A Place To Bury Strangers - Transfixiation (VÖ: 13.02.2015 / Label: Dead Oceans - Cargo Records)













Artist: A Place To Bury Strangers
Album: Transfixiation
VÖ: 13.02.2015
Label: Dead Oceans / Cargo Records


Oliver Ackermann, seines Zeichens auch Chef der Effektpedal-Manufaktur Death By Audio, drückt wieder auf alle ebendiese Gerätschaften, um den größtmöglichen Krach aus seinen Instrumenten rauszuholen. Und es ist unbedingt anzuraten, sich die gerade veröffentlichte Scheibe in möglichst hoher Lautstärke anzuhören. Entweder unterm Kopfhörer oder aber, sofern die Nachbarn mitspielen, auf der Hi-Fi-Anlage. Allerdings sollten die Boxen schon etwas aushalten können und ein möglichst breites Frequenz-Spektrum bieten.Denn hier gehts zur Sache - und zwar so richtig! Irgendwie fließt hier alles zusammen, was am Genre Shoegaze gut und wichtig war, bzw. ist...

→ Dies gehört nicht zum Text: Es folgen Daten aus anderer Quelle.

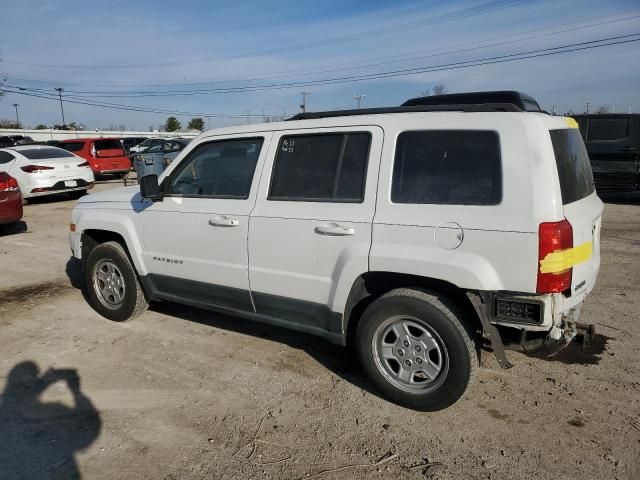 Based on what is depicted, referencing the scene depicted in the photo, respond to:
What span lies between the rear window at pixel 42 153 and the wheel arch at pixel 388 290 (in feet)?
41.0

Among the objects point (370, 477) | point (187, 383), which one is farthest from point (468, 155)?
point (187, 383)

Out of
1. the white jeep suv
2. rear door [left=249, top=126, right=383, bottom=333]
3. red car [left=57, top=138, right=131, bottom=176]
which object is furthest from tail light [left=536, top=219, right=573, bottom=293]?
red car [left=57, top=138, right=131, bottom=176]

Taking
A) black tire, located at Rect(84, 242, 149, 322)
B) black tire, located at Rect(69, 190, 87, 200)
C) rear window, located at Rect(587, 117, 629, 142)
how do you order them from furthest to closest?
1. black tire, located at Rect(69, 190, 87, 200)
2. rear window, located at Rect(587, 117, 629, 142)
3. black tire, located at Rect(84, 242, 149, 322)

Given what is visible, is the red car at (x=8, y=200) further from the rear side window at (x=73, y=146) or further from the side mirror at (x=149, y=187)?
the rear side window at (x=73, y=146)

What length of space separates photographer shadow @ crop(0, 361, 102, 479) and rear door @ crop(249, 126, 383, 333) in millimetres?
1459

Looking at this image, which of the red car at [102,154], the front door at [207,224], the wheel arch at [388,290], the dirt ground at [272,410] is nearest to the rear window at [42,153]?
the red car at [102,154]

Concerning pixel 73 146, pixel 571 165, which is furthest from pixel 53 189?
pixel 571 165

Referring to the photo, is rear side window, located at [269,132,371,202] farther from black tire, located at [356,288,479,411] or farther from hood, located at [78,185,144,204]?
hood, located at [78,185,144,204]

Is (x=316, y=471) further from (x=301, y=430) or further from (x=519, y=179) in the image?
(x=519, y=179)

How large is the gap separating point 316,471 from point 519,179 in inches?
78.8

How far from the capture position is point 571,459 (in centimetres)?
286

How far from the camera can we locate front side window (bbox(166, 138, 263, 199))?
159 inches

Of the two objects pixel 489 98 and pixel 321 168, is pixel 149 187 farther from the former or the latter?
pixel 489 98

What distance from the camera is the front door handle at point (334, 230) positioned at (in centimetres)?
341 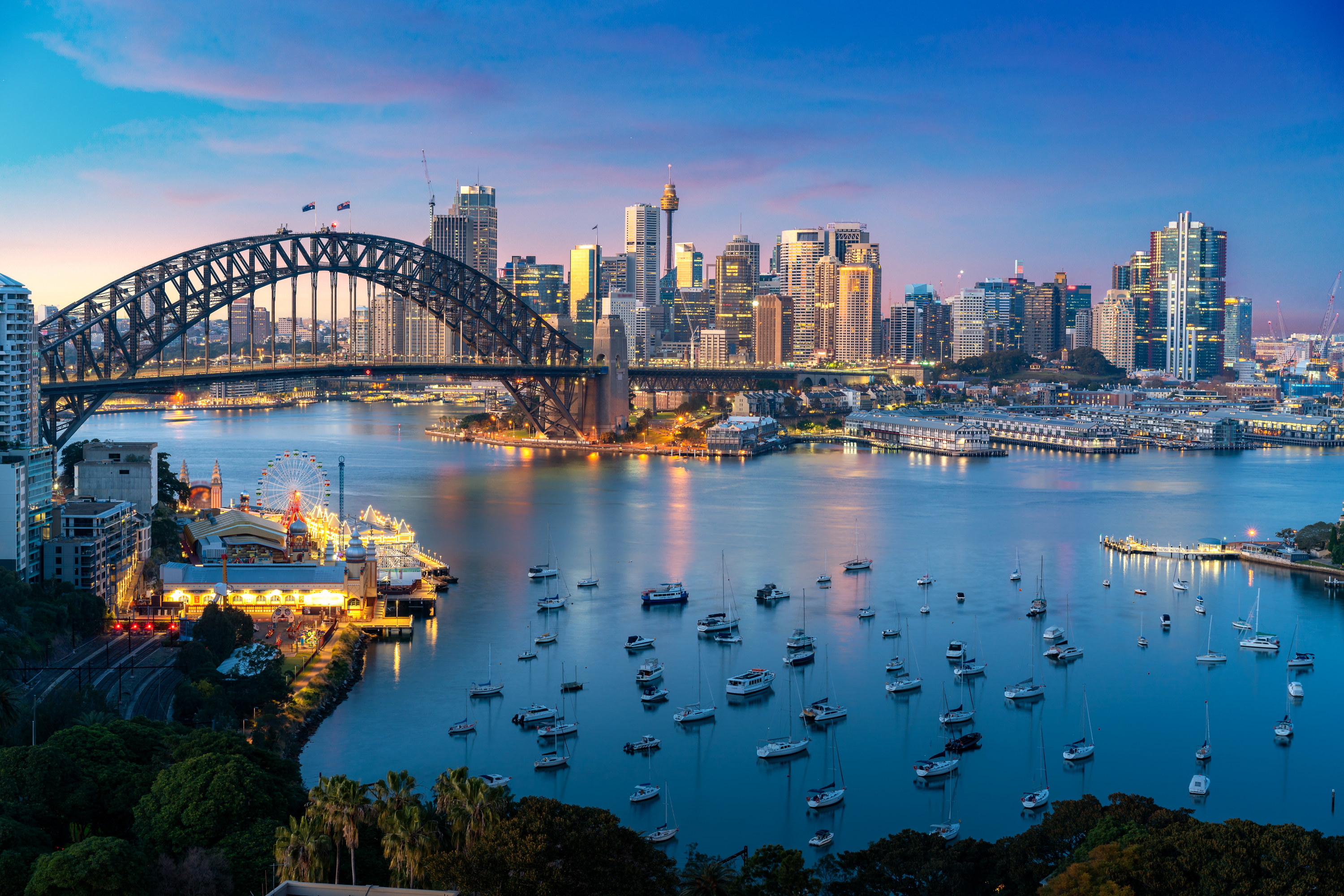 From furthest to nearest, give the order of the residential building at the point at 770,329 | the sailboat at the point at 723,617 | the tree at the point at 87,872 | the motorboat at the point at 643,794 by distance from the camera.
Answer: the residential building at the point at 770,329, the sailboat at the point at 723,617, the motorboat at the point at 643,794, the tree at the point at 87,872

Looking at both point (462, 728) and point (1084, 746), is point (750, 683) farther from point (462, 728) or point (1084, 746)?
point (1084, 746)

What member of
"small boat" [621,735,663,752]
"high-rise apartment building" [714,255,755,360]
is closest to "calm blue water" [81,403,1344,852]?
"small boat" [621,735,663,752]

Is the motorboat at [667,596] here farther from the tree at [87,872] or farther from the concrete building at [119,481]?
the tree at [87,872]

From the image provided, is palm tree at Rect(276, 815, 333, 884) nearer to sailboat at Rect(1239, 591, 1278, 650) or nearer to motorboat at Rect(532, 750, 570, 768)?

Verhallt, verzerrt, verdröhnt - nicht jeder Song der Scheibe bietet Ansätze von Melodien. "Deeper" zum Beispiel ist ein Slowmotion-Noisegewitter vom heftigsten, weitestgehend harmoniebefreit und erinnert mich in seiner Konsequenz, alles zu vermeiden, was einer Melodie auch nur im entferntesten nahe kommt, an die B-Seite von Black Flags "My War". Musikalisch sicher eine andere Baustelle, aber die Wirkung ist ähnlich. Andere Songs, wie bspw. "Straight", haben fast schon Hit-Charakter, auch wenn sie sich trotz Popstrukturen durch den Song fräsen und flexen. Es gibt viele Assoziationen zu den Klassikern der Branche, wie The Jesus & Mary Chain (What We Don´t See), My Bloody Valentine (We´ve Come So Far), Spacemen 3/ Galaxie 500 (Lower Zone) oder auch The Swans (Deeper). Und gerade das macht das Album so ungeheuer intensiv und abwechslungsreich...

Zum Ende hin zieht die Scheibe noch mal an. "I´m So Clean" und "Fill The Void" rasen förmlich frontal ineinander und der Abschluß des Albums mit "I Will Die" fühlt sich an, wie ein rasender Höllenritt, bei dem man nicht mehr weiß, ob die zugedröhnten Ohren nun endgültig ihren Dienst versagen. Diese Platte ist sicher nicht für die Beschallung eines netten Abendprogramms gedacht, sondern sollte aufgrund ihrer Intensität auch intensivst gehört werden...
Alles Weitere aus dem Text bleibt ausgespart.